V. Guion1,2,3, P. Riba Bremerch4, Y. Rolland1,5
1. Gerontopole of Toulouse, Institute on Aging, Toulouse University Hospital (CHU Toulouse), Toulouse, France; 2. Département douleur – Soins Palliatifs, Pôle autonomie – handicap, CHU de Besançon, Besançon, France; 3. INSERM CIC 1431, Université de Bourgogne Franche-Comté, Besançon, France; 4. Département Universitaire de Médecine Générale, Faculté de Médecine Toulouse Rangueil, Université Paul Sabatier Toulouse III, France; 5. CERPOP Centre d’Epidémiologie et de Recherche en santé des POPulations UPS/INSERM UMR 1295, Toulouse, France
Corresponding author: Vincent Guion, Gerontopole, Cité de la Santé, CHU de Toulouse, 20 rue du Pont Saint-Pierre, 31059 Toulouse, France, Phone: (+33) 561 145 664, e-mail: email@example.com, ORCID ID : 0000-0001-5144-4419
Jour Nursing Home Res 2022;8:20-23
Published online July 1, 2022, http://dx.doi.org/10.14283/jnhrs.2022.6
The purpose was to investigate the association between mortality in nursing home residents (NHR) and multimorbidity, dependence and their interaction. This study was an 18-month prospective, observational study, that included a subgroup of 5527 NHR residing in 163 nursing homes located in France between May and July 2011. A Cox proportional hazard model was used to perform multivariate survival analysis. Independent variables of interest were baseline multimorbidity, baseline dependence, and the interaction between multimorbidity and dependence. NHR were very dependent at baseline and the median Charlson Index score was 2. In multivariate survival analysis, multimorbidity and dependence were both significantly associated with an increased 18-month mortality (HR=1.10; CI 95% [1.04 – 1.17] and HR=1.30; CI 95% [1.22 – 1.38], respectively). Higher multimorbidity and higher dependence were both independently associated with a higher 18-month mortality in NHR. Clinicians could use these two simple indicators to identify NHR requiring palliative care.
Key words: Nursing homes, multimorbidity, functional status.
Nursing home residents are a vulnerable population, with a limited lifespan (1), life-limiting diseases and are at risk for potentially life-limiting acute events. Yet, one nursing home resident in four have very limited access to palliative care at the end of their life, with insufficient symptom relief and respect for privacy (2). External palliative care resources are available but under-solicited and internal resources are scarce (2). Early initiation of palliative care could improve residents’ quality of life by identifying care needs and facilitating palliative care provision at early stages (3).
Identifying nursing home residents requiring palliative care is a pre-requisite to their effective access to palliative care. Existing tools to identify palliative situations are either derived from prognosis estimation (4, 5) or from multimorbidity evaluation (6) and are seldom specific to nursing home residents (7).
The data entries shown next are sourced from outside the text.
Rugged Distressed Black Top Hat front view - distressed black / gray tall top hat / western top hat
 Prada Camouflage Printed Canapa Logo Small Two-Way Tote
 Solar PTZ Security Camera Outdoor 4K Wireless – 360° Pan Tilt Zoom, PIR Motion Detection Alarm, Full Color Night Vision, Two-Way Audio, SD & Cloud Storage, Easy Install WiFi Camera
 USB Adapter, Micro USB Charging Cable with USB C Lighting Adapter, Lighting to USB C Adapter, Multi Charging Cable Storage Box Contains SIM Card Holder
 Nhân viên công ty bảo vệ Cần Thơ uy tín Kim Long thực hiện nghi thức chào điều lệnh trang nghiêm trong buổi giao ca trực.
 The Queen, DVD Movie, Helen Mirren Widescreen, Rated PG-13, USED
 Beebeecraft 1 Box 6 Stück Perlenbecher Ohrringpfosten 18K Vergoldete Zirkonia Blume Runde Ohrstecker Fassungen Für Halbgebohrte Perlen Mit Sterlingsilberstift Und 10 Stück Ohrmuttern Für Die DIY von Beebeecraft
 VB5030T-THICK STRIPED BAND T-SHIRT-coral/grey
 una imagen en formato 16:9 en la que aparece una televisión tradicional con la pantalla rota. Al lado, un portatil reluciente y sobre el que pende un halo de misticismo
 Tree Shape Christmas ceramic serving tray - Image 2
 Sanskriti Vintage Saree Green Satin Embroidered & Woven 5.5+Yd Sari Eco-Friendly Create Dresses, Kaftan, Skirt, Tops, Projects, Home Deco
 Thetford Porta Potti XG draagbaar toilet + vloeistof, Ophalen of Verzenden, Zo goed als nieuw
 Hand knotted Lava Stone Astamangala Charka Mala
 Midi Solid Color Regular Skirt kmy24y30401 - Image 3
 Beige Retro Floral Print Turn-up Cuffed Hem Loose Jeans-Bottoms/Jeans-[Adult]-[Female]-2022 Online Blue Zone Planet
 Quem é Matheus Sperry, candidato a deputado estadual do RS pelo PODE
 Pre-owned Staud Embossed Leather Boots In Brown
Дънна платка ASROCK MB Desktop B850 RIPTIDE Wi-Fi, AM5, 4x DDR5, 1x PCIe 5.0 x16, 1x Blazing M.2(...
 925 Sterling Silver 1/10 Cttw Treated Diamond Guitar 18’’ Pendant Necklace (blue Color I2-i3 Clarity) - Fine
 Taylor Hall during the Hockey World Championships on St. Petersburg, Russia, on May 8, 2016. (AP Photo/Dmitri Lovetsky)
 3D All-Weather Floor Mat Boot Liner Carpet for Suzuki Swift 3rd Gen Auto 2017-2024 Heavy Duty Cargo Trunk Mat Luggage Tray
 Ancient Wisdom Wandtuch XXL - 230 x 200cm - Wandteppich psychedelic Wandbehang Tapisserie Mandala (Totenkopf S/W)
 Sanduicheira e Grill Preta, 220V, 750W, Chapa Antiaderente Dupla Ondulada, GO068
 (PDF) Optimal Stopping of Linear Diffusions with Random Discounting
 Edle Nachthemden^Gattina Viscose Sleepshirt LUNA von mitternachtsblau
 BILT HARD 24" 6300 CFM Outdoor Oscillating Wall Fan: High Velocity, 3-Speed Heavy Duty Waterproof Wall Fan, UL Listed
But existing identification tools lack sensitivity and often identify nursing home residents in very advanced or terminal stages, when care planning is limited to short-term goals of care, whereas earlier identification would be required in nursing home residents often presenting terminal declines over several years (8).
Multimorbidity and dependence are routinely evaluated in nursing home residents. Their use in daily practice to identify nursing home residents requiring palliative care could be easier than the use of research-purposed identification tools, and thus ensure broader access to palliative care in nursing home residents. The aim of this study was to investigate the association between 18-month mortality in nursing home residents and multimorbidity, dependence and their interaction.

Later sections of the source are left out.